### Your goal
Output word for word the lines from the one with "Pakistan Buchara 2ply - 2" to the final line of the data, both ends included, but skip the pictures.

Image-text web data:
________________________

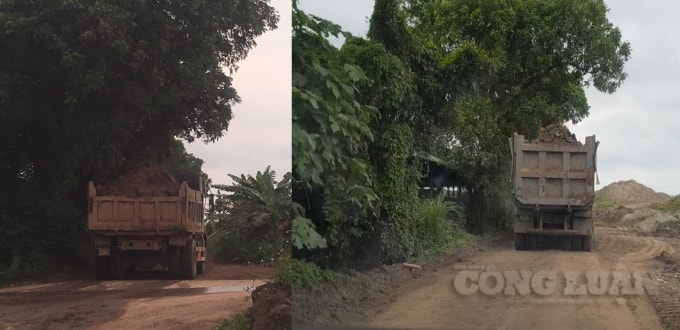 Hàng nghìn mét khối đất phù sa bị Giám đốc Công ty Hoàng Anh 
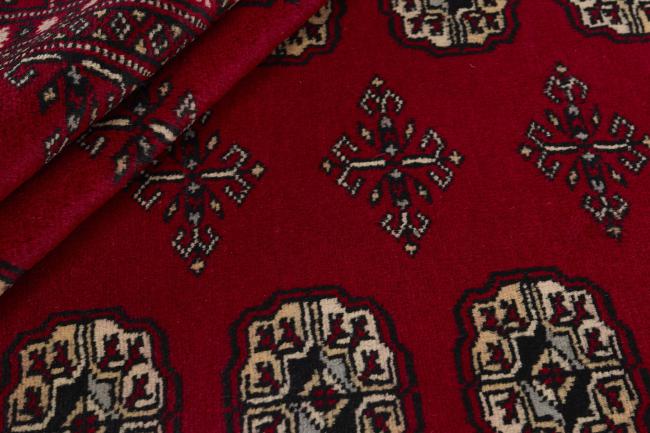 Pakistan Buchara 2ply - 2
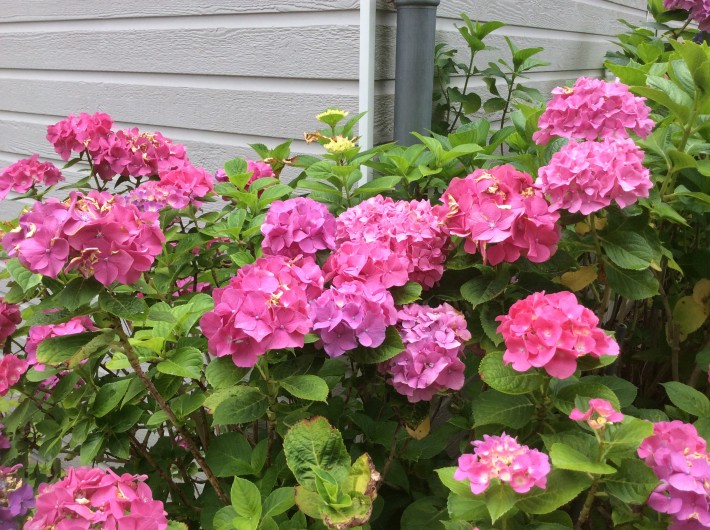 Location de vacances - Villa à Biscarrosse - Fleurs du jardin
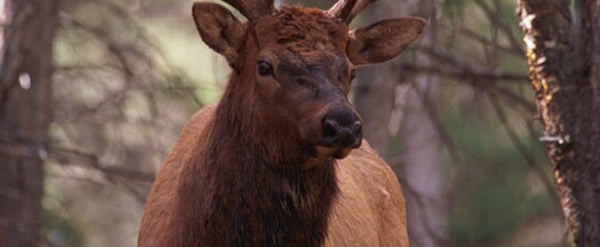 ����ͼ����¹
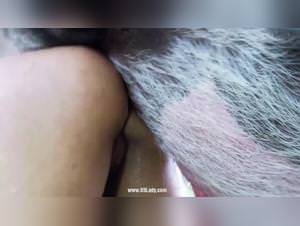 Selena's bestiality: mexzoo fantasies raw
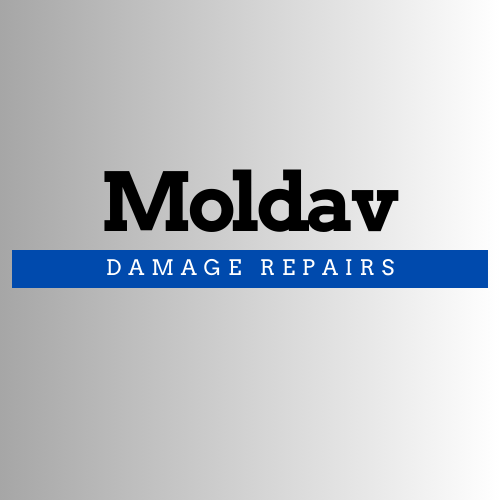 Moldav-Logo.png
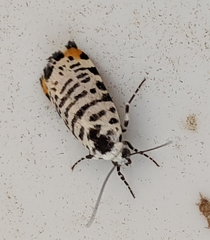 Tarache idella
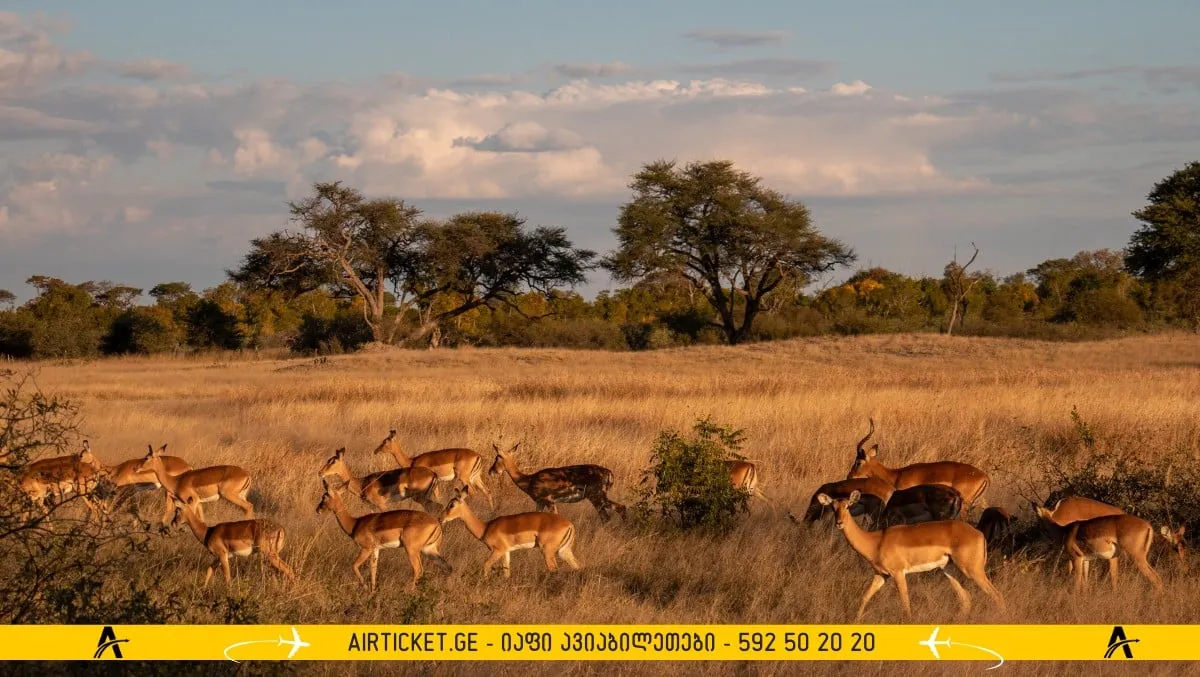 ზიმბაბვე საფარი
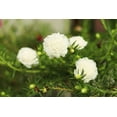thumbnail image 6 of 100 White PORTULACA Grandiflora / MOSS ROSE Succulent Flower Seeds, 6 of 9
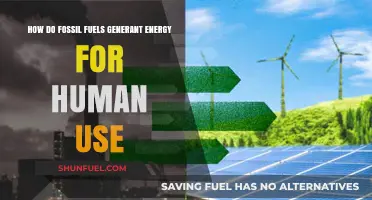 Fossil Fuels: Energy Generation for Humans
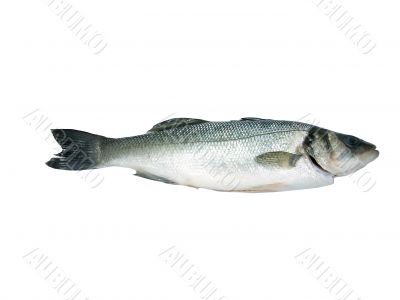 Sea-Bass Isolated Dicentrarchus Labrax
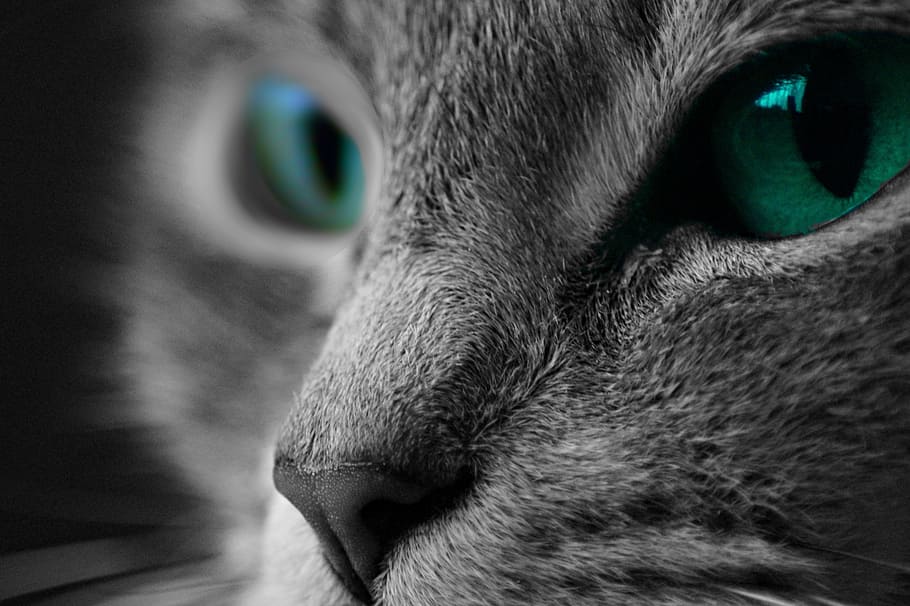 selective color of cat with green eyes, macro, macro photography HD wallpaper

________________________

### Expected output
 Pakistan Buchara 2ply - 2
 Location de vacances - Villa à Biscarrosse - Fleurs du jardin
 ����ͼ����¹
 Selena's bestiality: mexzoo fantasies raw
 Moldav-Logo.png
 Tarache idella
 ზიმბაბვე საფარი
thumbnail image 6 of 100 White PORTULACA Grandiflora / MOSS ROSE Succulent Flower Seeds, 6 of 9
 Fossil Fuels: Energy Generation for Humans
 Sea-Bass Isolated Dicentrarchus Labrax
 selective color of cat with green eyes, macro, macro photography HD wallpaper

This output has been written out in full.